Ogni paziente è un universo a sé
Ogni paziente deve quindi prestare molta attenzione ai consigli ricevuti, come il corretto modo di pulire le ferite, i tempi di rimozione delle medicazioni e i comportamenti da adottare nei giorni successivi all’intervento. Inoltre, è importante evitare l’esposizione diretta al sole sulla zona delle cicatrici per almeno i primi mesi dopo l’operazione. I raggi solari possono infatti provocare un’iperpigmentazione o rendere le cicatrici più scure e visibili, rallentando il processo di guarigione e compromettendo l’aspetto estetico finale.
Gel, cerotti e prodotti specifici
Un’altra strategia molto efficace consiste nell’utilizzare prodotti specifici come cerotti o gel a base di silicone medico. Questi dispositivi aiutano a mantenere la pelle idratata, riducono l’infiammazione e favoriscono una cicatrizzazione uniforme, contribuendo a rendere le cicatrici più sottili e meno evidenti con il passare del tempo. Infine, un aspetto che non va sottovalutato è la scelta del chirurgo. “È fondamentale affidarsi a un professionista esperto e qualificato” ha spiegato il Dr. Fabio Toffanetti, “che utilizzi tecniche avanzate di incisione e sutura cosmetica. Un chirurgo esperto sa come eseguire tagli precisi e minimamente invasivi, posizionando le incisioni in modo strategico per nasconderle il più possibile e applicando metodi di sutura che riducono la tensione sulla pelle e favoriscono una guarigione più rapida ed estetica”. Seguendo questi accorgimenti è possibile ridurre significativamente l’impatto visivo delle cicatrici e ottenere un risultato finale che valorizzi la nuova forma del seno senza compromettere la bellezza della pelle.

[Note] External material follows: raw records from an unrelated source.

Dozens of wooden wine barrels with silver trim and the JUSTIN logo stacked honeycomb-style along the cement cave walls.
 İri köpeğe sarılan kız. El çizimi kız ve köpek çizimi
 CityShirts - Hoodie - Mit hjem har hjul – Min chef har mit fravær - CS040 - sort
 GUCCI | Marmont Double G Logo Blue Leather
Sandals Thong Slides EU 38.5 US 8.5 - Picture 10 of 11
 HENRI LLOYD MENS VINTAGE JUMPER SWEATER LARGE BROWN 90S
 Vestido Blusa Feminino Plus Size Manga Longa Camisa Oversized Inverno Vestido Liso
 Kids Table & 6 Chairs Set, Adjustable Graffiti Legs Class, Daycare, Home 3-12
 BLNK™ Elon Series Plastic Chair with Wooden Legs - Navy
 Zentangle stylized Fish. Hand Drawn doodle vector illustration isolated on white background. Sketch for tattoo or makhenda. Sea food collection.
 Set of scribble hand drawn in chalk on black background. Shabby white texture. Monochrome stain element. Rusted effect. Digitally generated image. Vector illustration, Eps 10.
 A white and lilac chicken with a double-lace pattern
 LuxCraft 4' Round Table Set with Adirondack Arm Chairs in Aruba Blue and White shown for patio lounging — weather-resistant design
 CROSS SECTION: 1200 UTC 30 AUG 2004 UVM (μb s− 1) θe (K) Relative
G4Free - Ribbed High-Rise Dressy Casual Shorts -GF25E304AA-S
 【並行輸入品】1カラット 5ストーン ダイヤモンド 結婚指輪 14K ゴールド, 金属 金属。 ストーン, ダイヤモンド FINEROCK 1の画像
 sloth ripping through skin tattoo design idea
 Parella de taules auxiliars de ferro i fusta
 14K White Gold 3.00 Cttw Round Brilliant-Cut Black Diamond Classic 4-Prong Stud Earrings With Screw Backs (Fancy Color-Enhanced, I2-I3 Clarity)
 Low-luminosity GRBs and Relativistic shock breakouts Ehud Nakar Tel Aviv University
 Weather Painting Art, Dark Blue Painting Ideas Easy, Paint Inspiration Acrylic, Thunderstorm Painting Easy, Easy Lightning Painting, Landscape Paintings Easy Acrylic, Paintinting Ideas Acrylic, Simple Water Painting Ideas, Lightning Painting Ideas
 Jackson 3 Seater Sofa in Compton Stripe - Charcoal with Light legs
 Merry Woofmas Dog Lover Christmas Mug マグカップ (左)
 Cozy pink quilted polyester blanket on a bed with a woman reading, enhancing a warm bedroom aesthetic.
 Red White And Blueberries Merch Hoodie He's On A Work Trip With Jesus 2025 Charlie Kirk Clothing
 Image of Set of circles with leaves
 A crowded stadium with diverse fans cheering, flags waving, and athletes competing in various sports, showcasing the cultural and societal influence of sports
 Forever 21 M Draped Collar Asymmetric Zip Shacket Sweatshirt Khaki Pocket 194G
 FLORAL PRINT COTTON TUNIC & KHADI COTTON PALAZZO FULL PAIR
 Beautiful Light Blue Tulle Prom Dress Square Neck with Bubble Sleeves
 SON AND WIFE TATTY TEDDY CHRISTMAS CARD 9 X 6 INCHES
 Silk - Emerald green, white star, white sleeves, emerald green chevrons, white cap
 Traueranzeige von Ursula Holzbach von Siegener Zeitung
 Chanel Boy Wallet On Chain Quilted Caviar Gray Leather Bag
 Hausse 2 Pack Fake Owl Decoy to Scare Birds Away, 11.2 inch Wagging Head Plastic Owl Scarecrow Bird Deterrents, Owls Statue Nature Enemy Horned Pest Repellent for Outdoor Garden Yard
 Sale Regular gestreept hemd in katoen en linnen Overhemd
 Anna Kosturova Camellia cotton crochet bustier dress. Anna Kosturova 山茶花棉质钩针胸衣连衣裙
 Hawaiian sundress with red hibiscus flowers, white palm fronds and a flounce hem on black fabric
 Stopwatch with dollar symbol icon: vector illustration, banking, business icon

Un’attenzione alle cicatrici come parte dell’intervento
Le cicatrici rappresentano una parte inevitabile e naturale di qualsiasi intervento chirurgico al seno, sia che si tratti di un aumento sia di una riduzione del volume mammario. Tuttavia, è importante ricordare che, grazie ai progressi della chirurgia estetica moderna e alle tecniche sempre più sofisticate, oggi è possibile ottenere cicatrici molto più discrete e meno evidenti rispetto al passato. Un ruolo fondamentale nel miglioramento dell’aspetto delle cicatrici lo svolgono anche le cure post-operatorie e l’attenzione che ogni paziente dedica alla fase di guarigione. Seguendo con costanza le indicazioni del chirurgo, si può favorire un processo di cicatrizzazione più rapido e armonioso, che contribuisce a ottenere risultati estetici di alta qualità. Infine, è sempre fondamentale instaurare un dialogo aperto e sincero con il proprio chirurgo. Solo una comunicazione chiara e approfondita permette di scegliere insieme la tecnica più adatta alle specifiche esigenze estetiche e alle caratteristiche della pelle di ciascuna paziente. In questo modo, sarà possibile pianificare un intervento che non solo migliori la forma del seno, ma che consideri anche l’aspetto finale delle cicatrici, per un risultato che sia davvero soddisfacente sotto ogni punto di vista.